Missing data was imputed using SAS 9.1.3 (Cary, NC, USA) program PROC MI and one simulated version of the data set was created for the overall sample (n = 545). Variables potentially related to the reason for the missing data or variables known to be associated with the participation scores were included in the model. The imputation was done within each instrument, and data pertaining to work and education were imputed only for individuals involved in these activities. Imputed data was used to estimate the score distribution and internal consistency, and non-imputed data was used to assess test-retest reliability (ICC, SEM estimates and Bland and Altman plots). The percentages of missing data for the questions in the first and second administration of the participation instruments was less than 10% (except for two questions in the second administration of the POPS asking about attending school, where the missing data was 12.8% and 14.1%).
RESULTS
A total of 545 individuals participated in the study (age range: 21–90 years). The response rates varied between 58% (187/320) in the spinal column group to 62% (213/345) in the spinal degenerative group. Average time of discharge from hospital to study follow-up was approximately 4 years [4.4 (2.2) years]. A total of 139 individuals completed the reliability study. The mean time and standard deviation between the first and second administration of the instruments was 14.7 (5.6) days and ranged between 7 and 31 days.

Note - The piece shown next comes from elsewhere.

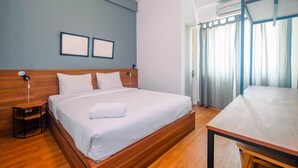 A modern hotel room with a wooden bed, a small bedside table, a desk, and a large window with curtains. - Modern Furnished @ 1BR Margonda Residence 1 Apartment (Depok)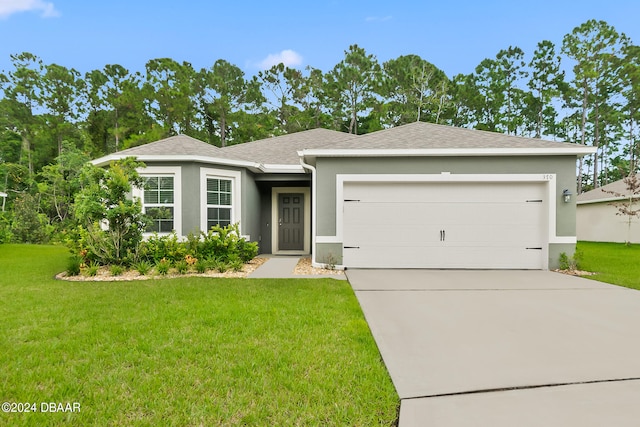 view of front of property with a garage and a front yard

A description of the study subjects is provided in Table I. There were some notable differences in the 3 spine conditions. Sixty-seven percent (n = 367) were males and there were fewer males in the degenerative group (56%) compared with the SCI group (79%). There were differences in employment status, with the SCI group having the highest unemployment (7%) compared with the spinal column group and spinal degenerative group (2%). A comparison of individuals who participated in this study and those who were eligible, but did not participate revealed that the study participants were older (47.0 vs 40.0 years) on admission to hospital and there were fewer men (67% vs 73%) compared with non-participants.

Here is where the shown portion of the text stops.